Historians David R. Goldfield and Blaine A. Brownell argued that "A new era of urbanization emerged after 1970, though few Americans noticed it at the time. Culminating a trend begun in 1920, the 1970 census announced that we had become a suburban nation." Core cities continued to lose population and see their economic base erode, becoming more specialized in the process. Metropolises developed multiple centers, including self-contained communities on the periphery, while non-metropolitan growth challenged traditional suburban expansion. Nationwide, Southern and Southwestern cities grew at the expense of older urban centers in the Northeast and Midwest.

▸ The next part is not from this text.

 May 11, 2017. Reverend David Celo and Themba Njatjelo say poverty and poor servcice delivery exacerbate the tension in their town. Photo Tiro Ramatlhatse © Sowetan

The metropolitan complex was home to the majority of Americans after 1970. In 1975, 73 percent of the total United States population of 213 million lived in metropolitan counties; in 1988, 49 percent of the nation's population resided in "megalopolises" of one million or more. In 1990, of the total U.S. population of 248.7 million, 78.9 million (31.7 percent) lived in central cities; 79.4 million (31.9 percent) lived in the urban fringe; 28.8 million (11.6 percent) lived outside urbanized areas; and 61.7 million (24.8 percent) lived in rural areas. The 1990 census also indicated that California was the most urban state in the union at 93 percent, while the southern region had the largest metropolitan population (also the largest nonmetropolitan population). These patterns were part of the so-called Sunbelt movement. As historian Carl Abbott astutely observed, however, the growth of the Sunbelt was "essentially growth of sunbelt suburbs."

The well-accepted division between core city and suburban ring became more ambiguous (and even obsolete) in metropolitan areas. The old central city was only one of several activity centers. Numerous suburbs evolved into more than bedroom communities, some achieving the status of comprehensive communities with many of the amenities formerly located only at the core. Despite the anticipated return of some middle-class Americans to the central city through gentrification, population at the core continued to decline. Between 1970 and 1976, central city population dropped by 3.4 percent (to 60.7 million). In 1986, only about 30 percent of the American population lived in central cities; a disproportionate number were poor African Americans and poor Hispanics.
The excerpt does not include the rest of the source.